On an even more important note, with plastic bag legislation we can allocate the money collected through single-use bag fees to help fund the Philadelphia Public School System. The program can also provide free or cheap reusable bags to those who need them.
We need to take action now to pave a thriving city for our future Philadelphians. I’m urging you, City Council, to take action and implement plastic bag legislation, like many of your constituents.
Julie M. Hancher, Founder & President, Green Philly Blog
Logan Welde, Staff Attorney, Clean Air Council
In the debate over the regulation of plastic bags, it’s important to have an open and honest discussion based on factual data. I want to address some of the common misperceptions voiced in this debate. The American Progressive Bag Alliance (APBA) believes that when people have access to the full facts, they will realize that plastic bag bans and taxes are deeply flawed policies and that a robust recycling program is the better alternative.
The ramifications of plastic bag bans and taxes are actually much more serious than many wellintentioned environmentalists believe. Plastic bag bans hurt the environment by pushing people towards alternatives that actually contribute more to global warming and put the jobs of the 30,800 Americans depending on our industry in jeopardy. Finally, these policies move us further away from the real sustainable solution: recycling.

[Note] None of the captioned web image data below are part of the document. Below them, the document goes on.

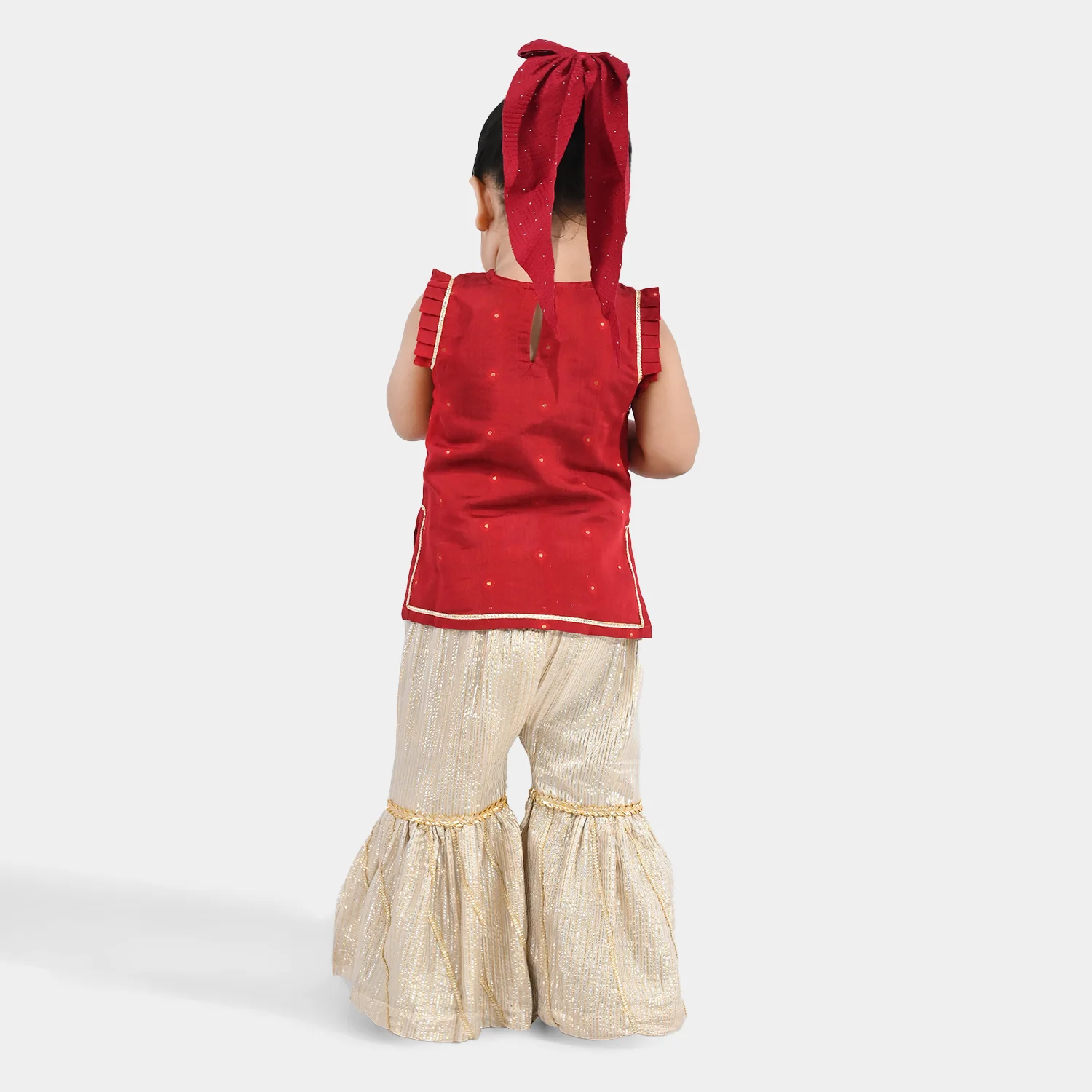 Infant Girls Jacquard 2-Piece Suit (Khumaar) - Red - Image 5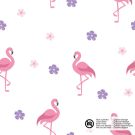 Katoen poplin flamingo's wit
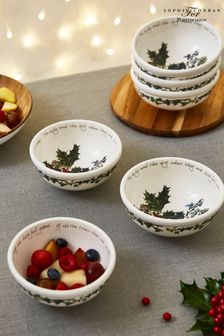 Portmeirion Clear The Holly and the Ivy Set of 6 14cm Small Bowls (N66265) | €163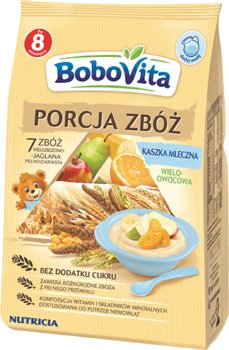 BoboVita, Kaszka mleczna 7 zbóż wielozbożowo-jaglana pełnoziarnista wieloowocowa, 210 g - BoboVita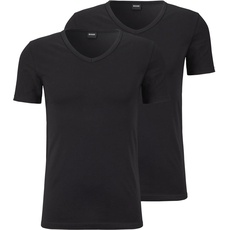 BOSS Herren V-Neck T-Shirt, 2er Pack Modern, Black, M
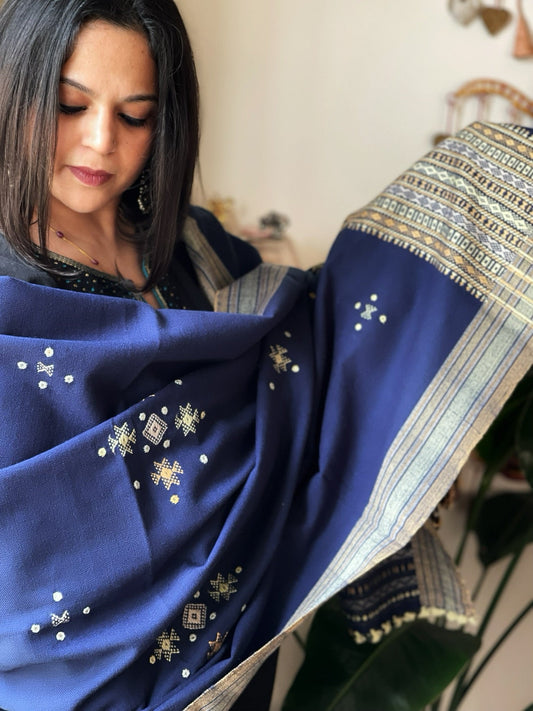 Blue Handwoven Woollen Shawl with Mirror Handwork - Masakalee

There is no question that reusable bags have become a popular accessory recently. What’s less-known are their environmental impacts. Many reusable bags are made of heavy-duty plastic bags that are produced from oil, unlike American plastic bags which use natural gas, and are generally imported from overseas. Moreover, cloth bags may seem more “natural,” but the materials used to produce them are grown with massive quantities of water and pesticides. In either case, the lifecycle of reusable bags will emit far more greenhouse gases than plastic retail bags. We also know that these bags are not really being reused because the U.S. imports 500 million of them every year: more than enough for every American household.
It is also difficult to understand why some environmentalists have targeted plastic bags and not paper alternatives, which come from trees. Our product was actually invented in part to mitigate the impact on trees caused by paper bag production, and yet paper bags have become fashionable. Beyond the fact that producing paper bags requires the destruction of trees, they are also seven times larger—this means they require seven times as many trucks on the road to transport. Moreover, it takes a gallon of water to make just one paper bag.
The environment is not the only loser when plastic bag bans are passed. An industry that supports the livelihoods of 30,800 Americans brings consistent recycling innovation to the table and provides a lowimpact and sanitary product also loses out. It might not get as much attention as a tech start-up, but
Hilex Poly has produced one of the most important innovations in recycling in recent memory: the ability to reduce the need for virgin material through closed-loop recycling. The companies within the
APBA have led the charge on recycling partnerships and innovation and we have seen results: plastic bag recycling has grown for nine years straight. We believe that all plastic bags should be reused or recycled and we are proud of the progress we have made towards that goal.
Philadelphia has a great opportunity to lead the country in sound environmental policy. We all share this planet, and there is no reason why our two sides cannot come together to reach a meaningful recycling solution. For us, that means bringing groundbreaking recycling solutions to the table, while providing a product that is far lower in its environmental impacts than the alternatives. Our belief is that partnership and common ground, not conflict, is the way to solve environmental challenges.
Philip R. Rozenski, Policy Chair for the American Progressive Bag Alliance (APBA)
Director of Sustainability for Hilex Poly Company, LLC.